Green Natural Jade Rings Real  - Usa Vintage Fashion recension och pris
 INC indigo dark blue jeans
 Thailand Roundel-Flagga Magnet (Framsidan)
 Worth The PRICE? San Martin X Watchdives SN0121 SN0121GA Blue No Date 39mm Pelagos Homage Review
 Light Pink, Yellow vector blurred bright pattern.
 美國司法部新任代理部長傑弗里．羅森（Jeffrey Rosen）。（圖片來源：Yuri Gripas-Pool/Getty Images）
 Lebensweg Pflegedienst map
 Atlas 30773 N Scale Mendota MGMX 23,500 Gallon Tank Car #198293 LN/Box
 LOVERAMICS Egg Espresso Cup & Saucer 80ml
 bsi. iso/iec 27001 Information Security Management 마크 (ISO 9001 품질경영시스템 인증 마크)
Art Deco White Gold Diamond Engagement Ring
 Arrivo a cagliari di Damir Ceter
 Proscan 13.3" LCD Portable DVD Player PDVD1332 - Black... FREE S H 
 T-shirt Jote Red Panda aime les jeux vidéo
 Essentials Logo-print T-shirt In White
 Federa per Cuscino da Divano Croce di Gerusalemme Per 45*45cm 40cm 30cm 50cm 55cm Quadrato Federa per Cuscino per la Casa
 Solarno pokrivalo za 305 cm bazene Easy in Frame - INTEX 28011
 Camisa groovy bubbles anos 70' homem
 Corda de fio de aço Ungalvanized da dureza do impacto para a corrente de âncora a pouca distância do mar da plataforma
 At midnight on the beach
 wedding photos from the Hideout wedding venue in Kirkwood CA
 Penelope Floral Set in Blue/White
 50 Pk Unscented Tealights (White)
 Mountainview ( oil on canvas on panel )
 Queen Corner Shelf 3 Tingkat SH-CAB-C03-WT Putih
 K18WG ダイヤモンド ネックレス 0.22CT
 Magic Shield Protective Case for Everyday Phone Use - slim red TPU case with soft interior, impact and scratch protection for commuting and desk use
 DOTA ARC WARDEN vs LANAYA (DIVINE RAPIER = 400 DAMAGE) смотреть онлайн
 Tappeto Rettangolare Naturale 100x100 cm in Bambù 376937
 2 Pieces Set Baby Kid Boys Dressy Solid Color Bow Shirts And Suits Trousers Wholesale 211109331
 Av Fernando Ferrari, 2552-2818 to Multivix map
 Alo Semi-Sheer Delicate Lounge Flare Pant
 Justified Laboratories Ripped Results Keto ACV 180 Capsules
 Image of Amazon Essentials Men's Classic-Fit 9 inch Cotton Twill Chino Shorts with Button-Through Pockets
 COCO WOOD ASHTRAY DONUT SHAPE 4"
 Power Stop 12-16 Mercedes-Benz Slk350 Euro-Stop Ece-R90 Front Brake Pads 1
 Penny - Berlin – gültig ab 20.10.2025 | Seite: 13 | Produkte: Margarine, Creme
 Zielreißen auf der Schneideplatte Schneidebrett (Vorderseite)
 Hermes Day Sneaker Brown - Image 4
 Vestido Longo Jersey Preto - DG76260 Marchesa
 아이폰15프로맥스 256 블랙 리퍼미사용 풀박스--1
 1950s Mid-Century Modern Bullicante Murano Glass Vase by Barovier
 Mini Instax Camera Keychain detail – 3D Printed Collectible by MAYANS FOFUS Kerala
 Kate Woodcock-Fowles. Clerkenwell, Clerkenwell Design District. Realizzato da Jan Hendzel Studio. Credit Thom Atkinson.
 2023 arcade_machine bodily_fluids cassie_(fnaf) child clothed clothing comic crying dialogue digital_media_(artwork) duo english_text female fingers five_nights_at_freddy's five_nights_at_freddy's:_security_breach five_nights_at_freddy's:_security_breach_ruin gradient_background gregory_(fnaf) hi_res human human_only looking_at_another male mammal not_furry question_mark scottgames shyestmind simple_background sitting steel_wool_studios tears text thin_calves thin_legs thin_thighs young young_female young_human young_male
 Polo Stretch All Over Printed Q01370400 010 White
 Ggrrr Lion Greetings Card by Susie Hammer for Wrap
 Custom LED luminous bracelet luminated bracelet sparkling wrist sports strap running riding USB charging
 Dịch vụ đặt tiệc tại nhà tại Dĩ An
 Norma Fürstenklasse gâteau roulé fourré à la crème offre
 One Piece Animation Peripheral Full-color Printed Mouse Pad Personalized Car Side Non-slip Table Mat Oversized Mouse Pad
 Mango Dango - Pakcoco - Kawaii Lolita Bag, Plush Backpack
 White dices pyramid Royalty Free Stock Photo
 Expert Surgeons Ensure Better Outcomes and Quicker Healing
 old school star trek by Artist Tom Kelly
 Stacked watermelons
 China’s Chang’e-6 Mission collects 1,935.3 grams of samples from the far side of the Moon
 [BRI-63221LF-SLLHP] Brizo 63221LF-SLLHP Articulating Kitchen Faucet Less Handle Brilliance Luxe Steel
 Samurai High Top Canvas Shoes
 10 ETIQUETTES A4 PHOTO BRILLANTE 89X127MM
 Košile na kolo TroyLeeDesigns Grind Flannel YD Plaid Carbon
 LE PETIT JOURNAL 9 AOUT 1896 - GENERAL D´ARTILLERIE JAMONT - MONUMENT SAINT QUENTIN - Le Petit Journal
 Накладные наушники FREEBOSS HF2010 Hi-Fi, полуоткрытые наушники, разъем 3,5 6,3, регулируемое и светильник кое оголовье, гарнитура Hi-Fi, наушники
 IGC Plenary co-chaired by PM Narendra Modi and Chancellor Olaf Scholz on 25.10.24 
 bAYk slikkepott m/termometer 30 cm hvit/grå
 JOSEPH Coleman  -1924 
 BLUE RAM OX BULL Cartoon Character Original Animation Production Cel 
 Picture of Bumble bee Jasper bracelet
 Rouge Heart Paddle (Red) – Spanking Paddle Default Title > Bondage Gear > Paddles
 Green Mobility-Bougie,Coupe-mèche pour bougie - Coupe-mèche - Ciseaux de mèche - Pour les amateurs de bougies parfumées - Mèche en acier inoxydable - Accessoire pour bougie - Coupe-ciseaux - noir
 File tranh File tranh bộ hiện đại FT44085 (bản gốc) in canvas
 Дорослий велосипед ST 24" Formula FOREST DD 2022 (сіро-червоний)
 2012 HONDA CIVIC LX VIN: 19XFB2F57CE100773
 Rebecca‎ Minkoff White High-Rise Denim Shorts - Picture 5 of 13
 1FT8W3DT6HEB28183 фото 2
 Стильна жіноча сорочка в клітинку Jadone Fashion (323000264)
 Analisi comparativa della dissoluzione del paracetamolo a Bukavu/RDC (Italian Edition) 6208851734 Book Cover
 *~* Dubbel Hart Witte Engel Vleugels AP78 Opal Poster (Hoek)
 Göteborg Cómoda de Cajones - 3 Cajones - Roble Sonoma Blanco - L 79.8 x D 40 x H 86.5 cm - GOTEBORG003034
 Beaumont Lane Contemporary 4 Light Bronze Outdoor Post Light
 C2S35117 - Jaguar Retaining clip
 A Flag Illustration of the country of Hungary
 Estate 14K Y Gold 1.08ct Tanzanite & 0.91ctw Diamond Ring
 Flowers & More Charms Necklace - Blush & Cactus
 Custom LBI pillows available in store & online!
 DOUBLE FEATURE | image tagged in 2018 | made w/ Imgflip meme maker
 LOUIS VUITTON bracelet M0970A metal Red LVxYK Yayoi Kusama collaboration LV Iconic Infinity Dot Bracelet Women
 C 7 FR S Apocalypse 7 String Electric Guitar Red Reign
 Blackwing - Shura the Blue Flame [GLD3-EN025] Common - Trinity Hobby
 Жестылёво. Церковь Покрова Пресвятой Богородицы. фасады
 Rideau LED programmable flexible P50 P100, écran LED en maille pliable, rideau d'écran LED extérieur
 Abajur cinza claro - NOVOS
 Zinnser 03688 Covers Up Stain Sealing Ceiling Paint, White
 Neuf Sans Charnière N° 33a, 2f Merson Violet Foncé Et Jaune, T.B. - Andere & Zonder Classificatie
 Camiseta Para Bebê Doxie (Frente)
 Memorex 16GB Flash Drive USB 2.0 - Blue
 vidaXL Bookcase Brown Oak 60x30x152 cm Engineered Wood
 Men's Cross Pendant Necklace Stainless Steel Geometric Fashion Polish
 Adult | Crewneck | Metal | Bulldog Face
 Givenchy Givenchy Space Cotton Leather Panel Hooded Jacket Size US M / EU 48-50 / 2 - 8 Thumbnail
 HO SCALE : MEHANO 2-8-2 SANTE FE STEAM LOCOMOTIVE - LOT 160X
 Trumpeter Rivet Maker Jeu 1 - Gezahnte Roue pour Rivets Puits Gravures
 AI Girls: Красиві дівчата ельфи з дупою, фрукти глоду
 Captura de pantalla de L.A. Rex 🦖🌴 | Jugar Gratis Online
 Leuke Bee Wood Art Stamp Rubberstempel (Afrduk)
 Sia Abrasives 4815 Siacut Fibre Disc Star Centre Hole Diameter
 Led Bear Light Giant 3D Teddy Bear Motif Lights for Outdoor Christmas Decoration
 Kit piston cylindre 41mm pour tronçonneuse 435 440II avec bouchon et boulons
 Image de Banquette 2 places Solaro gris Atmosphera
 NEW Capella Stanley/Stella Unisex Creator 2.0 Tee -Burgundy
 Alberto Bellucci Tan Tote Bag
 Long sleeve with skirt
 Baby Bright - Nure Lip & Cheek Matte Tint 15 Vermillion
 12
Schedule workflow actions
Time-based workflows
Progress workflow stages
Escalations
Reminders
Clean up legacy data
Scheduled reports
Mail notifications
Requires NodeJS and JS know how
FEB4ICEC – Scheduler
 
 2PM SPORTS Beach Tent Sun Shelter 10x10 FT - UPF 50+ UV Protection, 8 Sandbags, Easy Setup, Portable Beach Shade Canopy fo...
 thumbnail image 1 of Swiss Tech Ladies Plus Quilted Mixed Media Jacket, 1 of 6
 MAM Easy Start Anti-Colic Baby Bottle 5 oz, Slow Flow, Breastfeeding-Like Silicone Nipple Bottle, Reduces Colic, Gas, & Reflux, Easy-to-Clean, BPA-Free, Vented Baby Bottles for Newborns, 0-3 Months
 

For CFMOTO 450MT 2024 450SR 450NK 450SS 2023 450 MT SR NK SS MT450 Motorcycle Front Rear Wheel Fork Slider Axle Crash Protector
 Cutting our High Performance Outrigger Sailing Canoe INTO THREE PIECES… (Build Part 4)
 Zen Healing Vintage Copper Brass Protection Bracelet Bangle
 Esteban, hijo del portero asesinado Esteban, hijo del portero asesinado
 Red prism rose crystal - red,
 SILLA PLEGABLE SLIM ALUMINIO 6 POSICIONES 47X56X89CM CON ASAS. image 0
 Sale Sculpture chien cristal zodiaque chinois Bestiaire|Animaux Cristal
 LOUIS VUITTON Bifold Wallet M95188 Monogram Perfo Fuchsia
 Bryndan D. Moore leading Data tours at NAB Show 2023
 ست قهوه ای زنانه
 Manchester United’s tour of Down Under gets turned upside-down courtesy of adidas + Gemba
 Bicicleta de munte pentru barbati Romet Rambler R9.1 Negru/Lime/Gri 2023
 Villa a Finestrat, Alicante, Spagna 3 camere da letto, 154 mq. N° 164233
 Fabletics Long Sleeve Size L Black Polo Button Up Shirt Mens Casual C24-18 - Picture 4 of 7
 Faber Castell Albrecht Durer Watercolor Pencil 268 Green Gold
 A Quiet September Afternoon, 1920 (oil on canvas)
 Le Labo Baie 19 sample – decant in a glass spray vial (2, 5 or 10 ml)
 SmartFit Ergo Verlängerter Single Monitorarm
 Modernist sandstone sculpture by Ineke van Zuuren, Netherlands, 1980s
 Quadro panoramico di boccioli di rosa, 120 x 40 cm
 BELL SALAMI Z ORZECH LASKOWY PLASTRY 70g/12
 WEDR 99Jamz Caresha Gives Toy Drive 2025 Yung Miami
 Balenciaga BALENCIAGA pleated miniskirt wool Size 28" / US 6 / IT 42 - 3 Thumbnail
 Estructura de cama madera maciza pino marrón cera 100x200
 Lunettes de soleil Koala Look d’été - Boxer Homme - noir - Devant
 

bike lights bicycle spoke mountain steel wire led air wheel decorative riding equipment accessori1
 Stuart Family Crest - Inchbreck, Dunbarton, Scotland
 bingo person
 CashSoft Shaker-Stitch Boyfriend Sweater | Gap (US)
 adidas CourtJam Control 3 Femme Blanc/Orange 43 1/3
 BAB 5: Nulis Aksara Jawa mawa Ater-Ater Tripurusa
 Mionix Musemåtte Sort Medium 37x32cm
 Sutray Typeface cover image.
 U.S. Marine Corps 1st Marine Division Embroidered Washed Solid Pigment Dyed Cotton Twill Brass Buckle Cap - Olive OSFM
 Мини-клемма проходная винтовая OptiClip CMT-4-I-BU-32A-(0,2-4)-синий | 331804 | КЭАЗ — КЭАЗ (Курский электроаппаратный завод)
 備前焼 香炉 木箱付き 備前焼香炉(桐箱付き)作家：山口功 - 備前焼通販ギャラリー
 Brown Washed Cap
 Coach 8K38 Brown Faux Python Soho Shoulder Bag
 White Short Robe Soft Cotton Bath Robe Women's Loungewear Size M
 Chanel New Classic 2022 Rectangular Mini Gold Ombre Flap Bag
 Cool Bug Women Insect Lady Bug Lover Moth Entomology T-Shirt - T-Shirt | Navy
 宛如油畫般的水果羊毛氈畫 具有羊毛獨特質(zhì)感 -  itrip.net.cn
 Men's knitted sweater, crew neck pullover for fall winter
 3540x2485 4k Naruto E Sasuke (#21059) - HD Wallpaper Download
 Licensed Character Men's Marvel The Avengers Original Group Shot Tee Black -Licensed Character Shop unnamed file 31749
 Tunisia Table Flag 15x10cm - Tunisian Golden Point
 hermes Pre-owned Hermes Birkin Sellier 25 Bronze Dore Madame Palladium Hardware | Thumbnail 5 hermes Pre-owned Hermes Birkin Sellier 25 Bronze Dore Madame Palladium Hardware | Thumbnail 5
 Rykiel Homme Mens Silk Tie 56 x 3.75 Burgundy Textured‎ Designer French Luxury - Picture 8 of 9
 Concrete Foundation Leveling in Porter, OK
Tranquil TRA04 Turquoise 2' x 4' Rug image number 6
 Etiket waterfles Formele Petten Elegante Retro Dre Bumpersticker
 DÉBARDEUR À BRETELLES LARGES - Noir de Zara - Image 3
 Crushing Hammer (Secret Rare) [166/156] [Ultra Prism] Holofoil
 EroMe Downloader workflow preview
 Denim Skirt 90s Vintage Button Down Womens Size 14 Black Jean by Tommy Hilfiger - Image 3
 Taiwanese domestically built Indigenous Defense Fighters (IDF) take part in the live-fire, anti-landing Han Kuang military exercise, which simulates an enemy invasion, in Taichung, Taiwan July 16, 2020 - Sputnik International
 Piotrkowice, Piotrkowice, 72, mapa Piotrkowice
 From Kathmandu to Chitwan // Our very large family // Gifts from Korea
* * * *
Set down the lines of the records exactly, from the first one through the line containing "Camisa groovy bubbles anos 70' homem", and add nothing else.

Green Natural Jade Rings Real  - Usa Vintage Fashion recension och pris
 INC indigo dark blue jeans
 Thailand Roundel-Flagga Magnet (Framsidan)
 Worth The PRICE? San Martin X Watchdives SN0121 SN0121GA Blue No Date 39mm Pelagos Homage Review
 Light Pink, Yellow vector blurred bright pattern.
 美國司法部新任代理部長傑弗里．羅森（Jeffrey Rosen）。（圖片來源：Yuri Gripas-Pool/Getty Images）
 Lebensweg Pflegedienst map
 Atlas 30773 N Scale Mendota MGMX 23,500 Gallon Tank Car #198293 LN/Box
 LOVERAMICS Egg Espresso Cup & Saucer 80ml
 bsi. iso/iec 27001 Information Security Management 마크 (ISO 9001 품질경영시스템 인증 마크)
Art Deco White Gold Diamond Engagement Ring
 Arrivo a cagliari di Damir Ceter
 Proscan 13.3" LCD Portable DVD Player PDVD1332 - Black... FREE S H 
 T-shirt Jote Red Panda aime les jeux vidéo
 Essentials Logo-print T-shirt In White
 Federa per Cuscino da Divano Croce di Gerusalemme Per 45*45cm 40cm 30cm 50cm 55cm Quadrato Federa per Cuscino per la Casa
 Solarno pokrivalo za 305 cm bazene Easy in Frame - INTEX 28011
 Camisa groovy bubbles anos 70' homem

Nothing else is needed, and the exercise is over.